Exercise instructions: The answer consists solely of the lines running from the one with "530 S Hewitt" through the final line below, transcribed exactly and without any pictures.

The data:
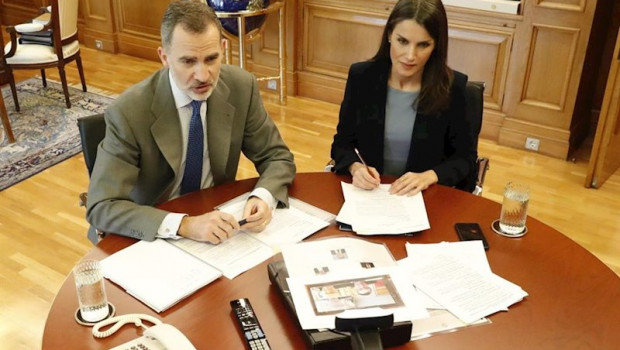 ep don felipe y dona letizia en el transcurso de la videoconferencia con banco de alimentos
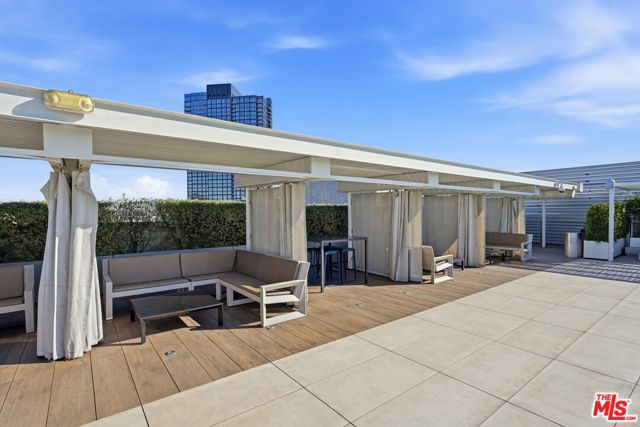 530 S Hewitt Street, Los Angeles CA: https://media.crmls.org/mediaz/b8507ab6-6e41-4860-b884-f25824436986.jpg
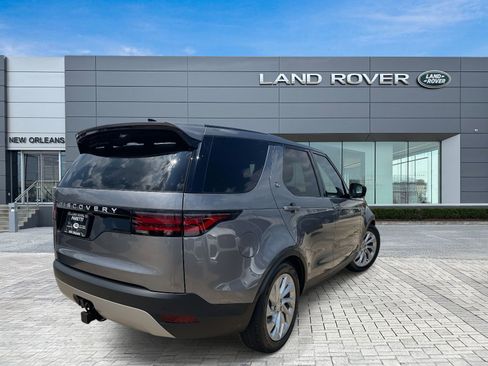 New 2025 Land Rover Discovery S image 5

Solution for this task:
 530 S Hewitt Street, Los Angeles CA: https://media.crmls.org/mediaz/b8507ab6-6e41-4860-b884-f25824436986.jpg
 New 2025 Land Rover Discovery S image 5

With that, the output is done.